Pauca Verba is Latin for A Few Words.

Tuesday, November 28, 2017

Contemporary Violence





Here is a sculpted scene that might get the attention of people today, maybe especially these Black Friday through Cyber Monday shopper-days. Notice that this frenzied couple don't have even one foot firmly planted on the ground. Notice that the shopping cart is filled to overflowing, so much so that it takes two to move it. Maybe it's more the Shopping Cart of Life. 

The children are panicked and stressed. Dad is anguished as he points ahead to the more. Perhaps he is calling to his wife, "I want my children to have everything I never had." The boy holding onto his mother's leg seems to be craving her attention. Do you sense the mom would prefer to be freed of these children who are slowing her down? The man is so crazed and inattentive he might crush the two real birds that are right in front of him.  The stone is gray: a colorless scene, a window into the violence of the First World.
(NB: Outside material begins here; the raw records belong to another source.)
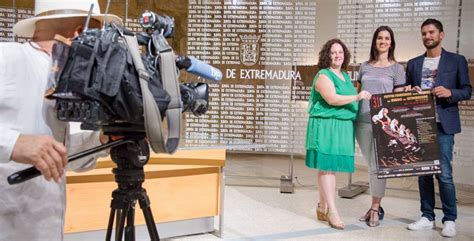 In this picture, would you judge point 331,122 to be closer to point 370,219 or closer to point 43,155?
point 370,219

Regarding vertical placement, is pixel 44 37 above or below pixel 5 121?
above

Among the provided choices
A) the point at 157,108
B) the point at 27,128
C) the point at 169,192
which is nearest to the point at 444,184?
the point at 169,192

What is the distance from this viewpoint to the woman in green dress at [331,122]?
3.45 m

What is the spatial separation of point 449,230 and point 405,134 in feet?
2.41

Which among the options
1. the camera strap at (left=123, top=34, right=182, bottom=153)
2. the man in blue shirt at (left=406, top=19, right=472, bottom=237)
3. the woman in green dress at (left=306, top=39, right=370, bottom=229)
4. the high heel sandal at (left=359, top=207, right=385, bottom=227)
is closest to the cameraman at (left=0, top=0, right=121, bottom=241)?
the camera strap at (left=123, top=34, right=182, bottom=153)

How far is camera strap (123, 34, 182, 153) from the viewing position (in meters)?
1.10

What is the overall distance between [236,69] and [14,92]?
150 inches

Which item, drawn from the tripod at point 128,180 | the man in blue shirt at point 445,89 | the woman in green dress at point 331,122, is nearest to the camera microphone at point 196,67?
the tripod at point 128,180

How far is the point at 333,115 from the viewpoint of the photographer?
11.4 ft

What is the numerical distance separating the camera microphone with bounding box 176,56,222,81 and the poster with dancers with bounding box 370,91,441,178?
2258 mm

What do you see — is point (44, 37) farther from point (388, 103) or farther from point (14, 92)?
point (388, 103)

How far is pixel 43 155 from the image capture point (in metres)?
1.00

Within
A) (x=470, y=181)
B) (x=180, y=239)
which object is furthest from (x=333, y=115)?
(x=470, y=181)

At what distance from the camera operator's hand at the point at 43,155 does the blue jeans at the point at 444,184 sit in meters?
2.94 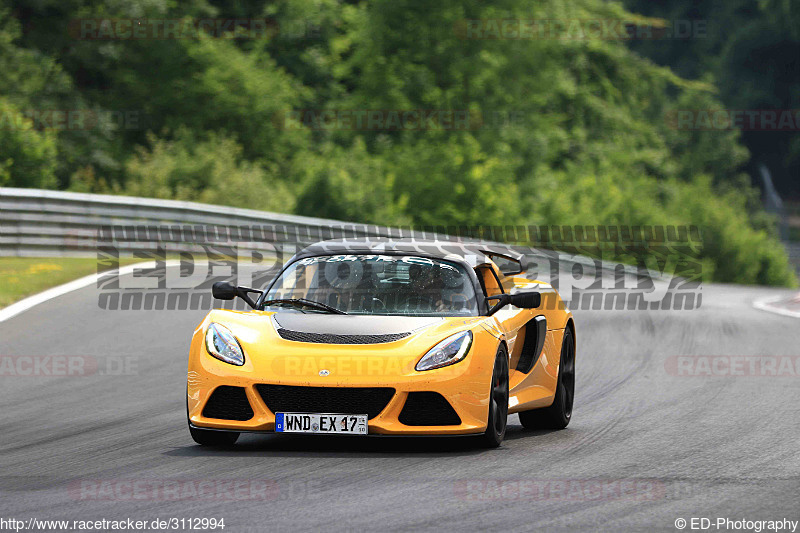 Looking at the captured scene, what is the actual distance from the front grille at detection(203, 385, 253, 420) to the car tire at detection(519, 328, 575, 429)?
2.51 meters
Thomas Merton wrote in Conjectures of a Guilty Bystander: 

"There is a pervasive form of contemporary violence to which the idealist most easily succumbs; activism and overwork. The rush and the pressure of modern life are a form, perhaps the most common form, of its innate violence. To allow oneself to be carried away by a multitude of conflicting concerns, to surrender to too many demands, to commit oneself to too many projects, to want to help everyone in everything, is to succumb to violence. The frenzy of our activism neutralizes our work for peace. It destroys our own inner capacity for peace. It destroys the fruitfulness of our own work, because it kills the root of inner wisdom which makes work fruitful."


Truth be told, Merton likely wrote this from his own personal experience. While he was a Trappist monk and hermit, he received many guests into his hermitage, traveled to Alaska and the Far East for conferences and was in constant communication with scholars, theologians, activists, poets and religious personalities. This doesn't mean he was a hypocrite in writing what he wrote, but perhaps he understood better than most. No one is immune to this contemporary violence.  Even a monk can fall prey.